Allah Der Allwissende verwendet das Verb des Fatwa-Gebens in Bezug auf Sich selbst; die Fatwa ist eine sensible Angelegenheit, der sich nur Fähige widmen dürfen:
يَسْتَفْتُونَكَ قُلْ اللَّهُ يُفْتِيكُمْ فِي الْكَلالَةِ إِنْ امْرُؤٌ هَلَكَ لَيْسَ لَهُ وَلَدٌ وَلَهُ أُخْتٌ فَلَهَا نِصْفُ مَا تَرَكَ وَهُوَ يَرِثُهَا إِنْ لَمْ يَكُنْ لَهَا وَلَدٌ فَإِنْ كَانَتَا اثْنَتَيْنِ فَلَهُمَا الثُّلُثَانِ مِمَّا تَرَكَ وَإِنْ كَانُوا إِخْوَةً رِجَالاً وَنِسَاءً فَلِلذَّكَرِ مِثْلُ حَظِّ الأُنثَيَيْنِ يُبَيِّنُ اللَّهُ لَكُمْ أَنْ تَضِلُّوا وَاللَّهُ بِكُلِّ شَيْءٍ عَلِيمٌ
Sie fragen dich um Belehrung. Sag: „Allah belehrt euch über den Erbanteil seitlicher Verwandtschaft. Wenn ein Mann umkommt, der keine Kinder hat, aber eine Schwester, dann steht ihr die Hälfte dessen zu, was er hinterlässt. Und er beerbt sie, wenn sie keine Kinder hat. Und wenn es zwei (Schwestern) sind, stehen ihnen (beiden) zwei Drittel dessen zu, was er hinterlässt.

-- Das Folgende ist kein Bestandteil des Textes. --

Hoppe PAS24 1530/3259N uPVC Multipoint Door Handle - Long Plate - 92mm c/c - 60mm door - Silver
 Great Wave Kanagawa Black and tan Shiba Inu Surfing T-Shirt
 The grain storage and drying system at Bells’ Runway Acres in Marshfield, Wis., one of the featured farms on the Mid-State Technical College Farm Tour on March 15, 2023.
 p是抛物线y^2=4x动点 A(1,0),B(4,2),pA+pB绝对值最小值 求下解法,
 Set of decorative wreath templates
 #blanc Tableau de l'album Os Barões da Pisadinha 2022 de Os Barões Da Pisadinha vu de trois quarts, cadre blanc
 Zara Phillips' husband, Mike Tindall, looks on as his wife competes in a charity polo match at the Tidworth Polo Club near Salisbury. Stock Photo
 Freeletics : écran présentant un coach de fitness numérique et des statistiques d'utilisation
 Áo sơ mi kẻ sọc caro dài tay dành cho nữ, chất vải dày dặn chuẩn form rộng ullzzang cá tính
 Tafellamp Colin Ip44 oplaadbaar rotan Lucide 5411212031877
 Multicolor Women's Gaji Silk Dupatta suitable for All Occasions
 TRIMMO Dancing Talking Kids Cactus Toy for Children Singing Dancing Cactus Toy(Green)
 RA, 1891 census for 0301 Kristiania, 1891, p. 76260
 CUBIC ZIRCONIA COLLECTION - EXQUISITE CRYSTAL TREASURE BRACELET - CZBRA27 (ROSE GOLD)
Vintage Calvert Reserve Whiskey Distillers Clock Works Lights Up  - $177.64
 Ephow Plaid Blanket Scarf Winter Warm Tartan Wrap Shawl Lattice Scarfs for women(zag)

Und wenn es Geschwister sind, Männer und Frauen, dann kommt einem männlichen Geschlechts ebensoviel zu wie der Anteil von zwei weiblichen Geschlechts. Allah gibt euch Klarheit, damit ihr (nicht) in die Irre geht. Allah weiß über alles Bescheid.“ (4:176)
Ibn Al-Qayyim – möge Allah sich seiner erbarmen! – definierte den Mufti, also den Fatwa-Gebenden, als Unterzeichner im Namen Allahs, also jemand, der Allahs Willen in einer Angelegenheit verkündet. Andere Gelehrte beschreiben den Mufti als den Übersetzer Allahs, da der Mufti die Intention des Schöpfers für diejenigen übersetzt, welche die Urquellen nicht auszulegen vermögen. Widmen wir uns nun einigen unabdinglichen Qualifikationen eines Muftis:
(1) Die Quranbewahrung
Nach der Mehrheit der Gelehrten muss ein Mufti den Quran auswendig können, nach anderen mindestens die Verse, welche die Rechtsprechung (alle Aufforderungen, Gebote, Verbote etc.) betreffen. Diese beziffern sich nach einer Auffassung auf ca. 500. Ein Argument, welches die Mehrheit stützt, ist, dass es Passagen im Quran gibt bzw. geben kann, die nicht direkt eine Aufforderung aussprechen, jedoch trotzdem Gebote beinhalten bzw. wegweisend sein können. Beispielsweise schlägt sich Yusuf – möge Allah ihm Frieden schenken! – selbst für einen Posten vor:
Er sagte: `Setze mich über die Vorratskammern des Landes ein; ich bin ein kenntnisreicher Hüter.`“ (12:55)
(2) Das Beherrschen der arabischen Sprache
Denn es ist letztlich die Sprache des Qurans und der Sunna, die sprachwissenschaftlich verstanden werden muss, damit man Ge- und Verbote aus ihr korrekterweise ableitet.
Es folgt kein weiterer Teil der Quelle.